Conspire, /kənˈspʌɪə/, late Middle English: from Old French conspirer, from Latin conspirare ‘agree, plot’, from con- ‘together with’ + spirare ‘breathe’.
Most people would agree that conspiracies are bad. However, the core meaning of the word ‘conspire’ is simply to ‘breathe together’, and at various points in history this word has been understood in this more neutral sense rather than its usual negative sense.
Some people believe that our political and economic elites are actively engaged in a shadowy conspiracy to rule the country (or the whole world) in their own interests. I don’t subscribe to this theory, but you don’t need to be a conspiracy theorist to acknowledge the clear evidence that there is at the very least some ‘group breathing’ going on. If there wasn’t some level of alignment between these two groups, it would be hard to explain why our elected politicians regularly make policy decisions that seem to privilege the interests of wealthy people and businesses over those of the public at large. A recent example is the failure to include reforms to capital gains taxation in November’s budget - reforms that were supported by experts from across the political spectrum.
To what extent is this alignment the product of a cosy groupthink, or is it to some degree dependent on proactive and sustained lobbying from ‘economic elites’ to overcome any dissenting voices from either within or outside the halls of power?
What is clear is that there is a lot of lobbying, and it is often opaque and poorly regulated, and it is overwhelmingly carried out by ‘economic elites’ as opposed to those who represent a different or broader set of interests.

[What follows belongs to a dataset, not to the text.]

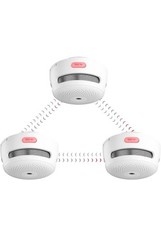 X-Sense Wireless Interconnected Smoke Detector Fire Alarm With Over 820 Feet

This can be quantified (see below). What cannot be quantified is how much this lobbying actually influences government policy decisions. But it is certainly the case that wealthy groups exercise undue influence on policymaking, especially when it comes to economic policy.
How economic policy decisions are made matters in terms of what decisions are made, but also because unfair processes based on unequal political influence undermine public faith in democracy.
And that faith is already low. Our polling last year found that 63% of Britons think that the very rich have too much influence on politics in the UK; in 2023 we discovered that 75% of people are concerned that people with net wealth of £10m or more have too much influence on the political system, and the ONS has shown that 69% of people feel that they do not have any say in what the government does.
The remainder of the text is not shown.